SECURITIES AND EXCHANGE COMMISSION
WASHINGTON, D.C. 20549
AMENDMENT NO. 5
TO
SCHEDULE 14D-9
Solicitation/Recommendation Statement
Pursuant to Section 14(d)(4) of the
Securities Exchange Act of 1934
FIRST INTERSTATE BANCORP
(Name of Subject Company)
FIRST INTERSTATE BANCORP
(Name of Person Filing Statement)
COMMON STOCK, PAR VALUE $2.00 PER SHARE
(INCLUDING THE ASSOCIATED COMMON STOCK PURCHASE RIGHTS)
(Title of Class of Securities)
320548100
(CUSIP Number of Class of Securities)
WILLIAM J. BOGAARD, ESQ.
EXECUTIVE VICE PRESIDENT AND GENERAL COUNSEL
FIRST INTERSTATE BANCORP
633 WEST FIFTH STREET
LOS ANGELES, CA 90071
(213) 614-3001
(NAME, ADDRESS AND TELEPHONE NUMBER OF PERSON
AUTHORIZED TO RECEIVE NOTICE AND COMMUNICATIONS
ON BEHALF OF THE PERSON FILING STATEMENT)
COPY TO:
FRED B. WHITE III, ESQ.
SKADDEN, ARPS, SLATE, MEAGHER & FLOM
919 THIRD AVENUE
NEW YORK, NEW YORK 10022
(212) 735-3000
First Interstate Bancorp ("First Interstate") hereby
amends and supplements its statement on Schedule 14D-9
initially filed with the Securities and Exchange
Commission on November 20, 1995, as amended by Amendments
No. 1 through No. 4 thereto (the "Schedule 14D-9").

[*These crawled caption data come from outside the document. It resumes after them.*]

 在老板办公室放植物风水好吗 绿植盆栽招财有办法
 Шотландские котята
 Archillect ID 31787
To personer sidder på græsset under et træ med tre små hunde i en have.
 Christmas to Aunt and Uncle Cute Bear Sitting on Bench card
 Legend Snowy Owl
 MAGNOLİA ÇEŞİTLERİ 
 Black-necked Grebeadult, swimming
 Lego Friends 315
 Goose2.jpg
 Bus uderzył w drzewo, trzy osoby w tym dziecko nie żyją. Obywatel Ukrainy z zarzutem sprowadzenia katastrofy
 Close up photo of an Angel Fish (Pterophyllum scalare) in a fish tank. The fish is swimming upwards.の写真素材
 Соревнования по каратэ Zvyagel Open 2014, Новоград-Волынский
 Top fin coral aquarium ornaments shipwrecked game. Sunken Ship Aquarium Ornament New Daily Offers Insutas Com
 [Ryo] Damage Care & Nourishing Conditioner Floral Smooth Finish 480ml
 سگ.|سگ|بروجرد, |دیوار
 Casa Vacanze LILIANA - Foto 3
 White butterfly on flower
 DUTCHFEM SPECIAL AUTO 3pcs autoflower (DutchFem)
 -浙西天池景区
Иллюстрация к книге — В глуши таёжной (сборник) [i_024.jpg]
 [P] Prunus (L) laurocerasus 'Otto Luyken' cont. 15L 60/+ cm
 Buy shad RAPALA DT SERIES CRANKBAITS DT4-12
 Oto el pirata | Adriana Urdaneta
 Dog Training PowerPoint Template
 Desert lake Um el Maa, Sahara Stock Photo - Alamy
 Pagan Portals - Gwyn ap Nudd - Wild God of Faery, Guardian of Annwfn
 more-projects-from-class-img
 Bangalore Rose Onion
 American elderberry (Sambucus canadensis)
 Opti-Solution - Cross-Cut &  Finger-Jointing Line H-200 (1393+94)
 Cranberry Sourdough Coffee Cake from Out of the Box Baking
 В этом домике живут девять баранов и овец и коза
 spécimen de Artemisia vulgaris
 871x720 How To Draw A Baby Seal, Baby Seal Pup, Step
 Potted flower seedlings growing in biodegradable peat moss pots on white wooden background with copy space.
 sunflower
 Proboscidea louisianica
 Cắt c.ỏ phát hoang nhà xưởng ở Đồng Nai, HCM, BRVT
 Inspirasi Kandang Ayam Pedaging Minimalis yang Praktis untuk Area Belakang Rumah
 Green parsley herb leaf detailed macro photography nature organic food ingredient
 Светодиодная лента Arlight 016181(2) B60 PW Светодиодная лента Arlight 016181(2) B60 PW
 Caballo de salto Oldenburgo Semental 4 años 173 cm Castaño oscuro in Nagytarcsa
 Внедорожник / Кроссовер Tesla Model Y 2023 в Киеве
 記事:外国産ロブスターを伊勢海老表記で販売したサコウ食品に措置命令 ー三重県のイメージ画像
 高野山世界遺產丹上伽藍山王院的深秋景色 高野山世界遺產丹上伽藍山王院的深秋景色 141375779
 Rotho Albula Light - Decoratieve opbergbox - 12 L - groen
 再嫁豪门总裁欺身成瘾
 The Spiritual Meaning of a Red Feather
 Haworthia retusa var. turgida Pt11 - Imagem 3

Unless otherwise indicated herein, each capitalized term
used but not defined herein shall have the meaning
assigned to such term in the Schedule 14D-9.
ITEM 9. MATERIAL TO BE FILED AS EXHIBITS.
The following Exhibits are filed herewith:
Exhibit 47: Newspaper Advertisement placed by First
Interstate, dated January 4, 1996.
SIGNATURE
After reasonable inquiry and to the best of its
knowledge and belief, the undersigned certifies that the
information set forth in this statement is true, complete
and correct.
FIRST INTERSTATE BANCORP
By: /s/ William J. Bogaard
William J. Bogaard
Executive Vice President
and General Counsel
Dated: January 4, 1996
First in a series...
A BOLD NEW FIRST IN BANKING.
TO OUR SHAREHOLDERS:
The combination of First Interstate and First Bank
System will create one of the nation's most powerful
banking institutions. With a diverse and fast-growing
21-state service territory, leading positions in major
business lines, a low-risk business profile, increased
revenue and earnings per share and a strong foundation
for future growth, we believe our merger with First
Bank offers superior long-term value compared to Wells
Fargo's high-risk proposal.
The management teams of First Interstate and First Bank
have each built substantial and sustainable shareholder
value through both efficiency enhancements and business
growth. We are convinced that the best way to continue
building this kind of value is through the strategic
combination of our two franchises.
We are confident that when all the facts have been
presented, the strategies articulated and the serious
business and regulatory risks of the Wells Fargo
proposal exposed, you will reach the same conclusion.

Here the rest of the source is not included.